LİSANSLI DEPO PROJEMİZİ HAYATA GEÇİRECEĞİZ
Çanakkale’nin çok verimli topraklara sahip olduğunu ve neredeyse yer türlü ürünün Çanakkale’ de yetiştiğine dikkat çeken Üzen amaçlarının Çanakkale topraklarında yetişen ürünlerin uluslararası piyasalara çıkması için lisanlı depolama projelerinin olduğunu ifade ederek “ Ürün çalışmaları hakkında da bilgiler vererek “Türkiye’de özellikle zeytinyağında Ayvacık bölgemiz, zeytinyağı konusunda farkındalık yaratmış durumda.
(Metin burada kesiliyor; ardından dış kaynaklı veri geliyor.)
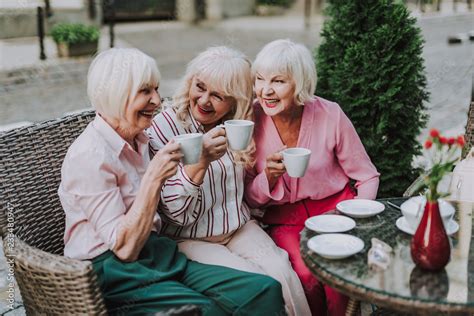 Waist Up Photo Of Old Ladies Females Having Rest And Drinking Tea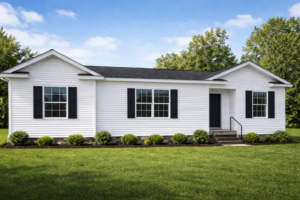 Single story white ranch modular home exterior with black shutters in Western New York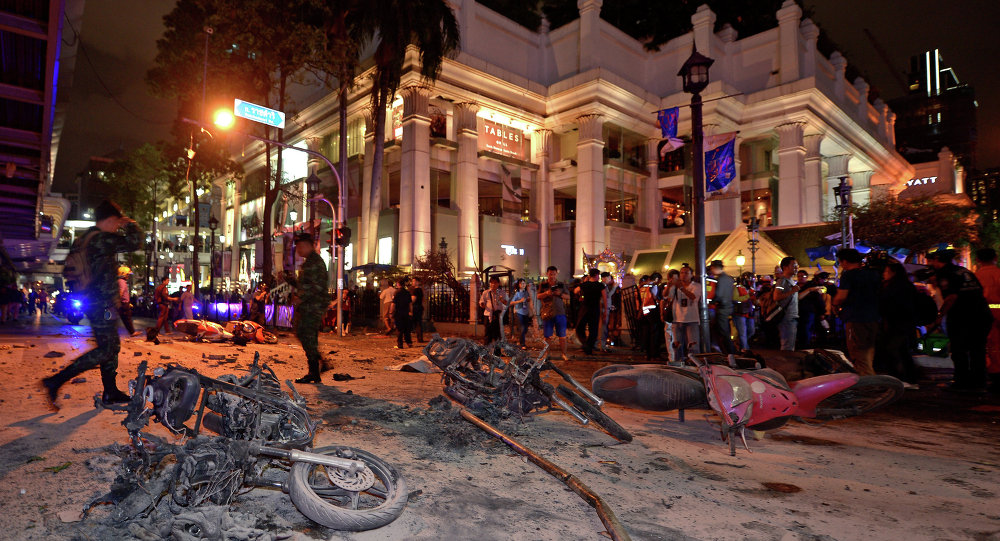 Thai soldiers inspect the scene after a bomb exploded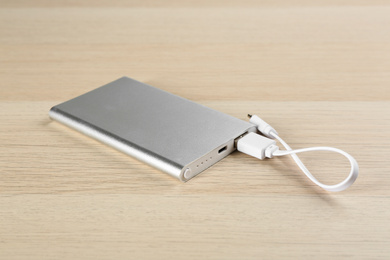 Photo of Modern portable charger with cable on wooden background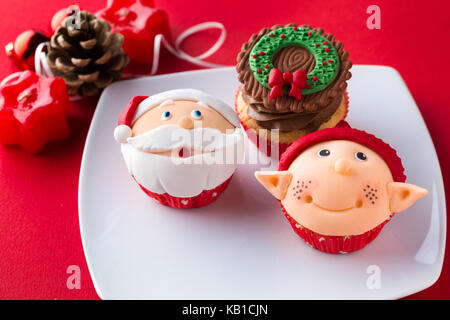 Drei dekorative weihnachtliche Cupcakes auf weiße Platte Stockfoto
Burada üretilen kaliteli ürünlerle birlikte doğru çalışmalar yaparak ürünlerimizi hem ulusal hem de uluslararası piyasalarda satma konusunda da oldukça başarılı illerden bir tanesiyiz.  Özellikle hububat kısmında Gelibolu’da  Ayçiçek ve buğdayda gayet iddialı illerden biriyiz.  Özellikle Tarım arazilerin ortak yapısının büyük olması ve buralarda üretilen ürünlerin hem  Ayçiçek’ te hem de buğdayda Türkiye kalitesinin üzerinde olması ile birlikte, burada da ciddi bir şekilde üretilen ürünlerin  daha katma değerli bir şekilde toplamasını sağlıyoruz.   Bununla ilgili de  Lisanslı depo çalışmamız var. Çanakkale’de Lisanslı depoların bir tanesini Gelibolu’ya, bir tanesini de Ezine Bölgesine kazandırmayı hedefliyoruz.  Böylelikle çiftçilerimizin ve sanayicilerimizin istedikleri ürün çiplerine  çok daha kolay erişmesini sağlamış olacağız” dedi.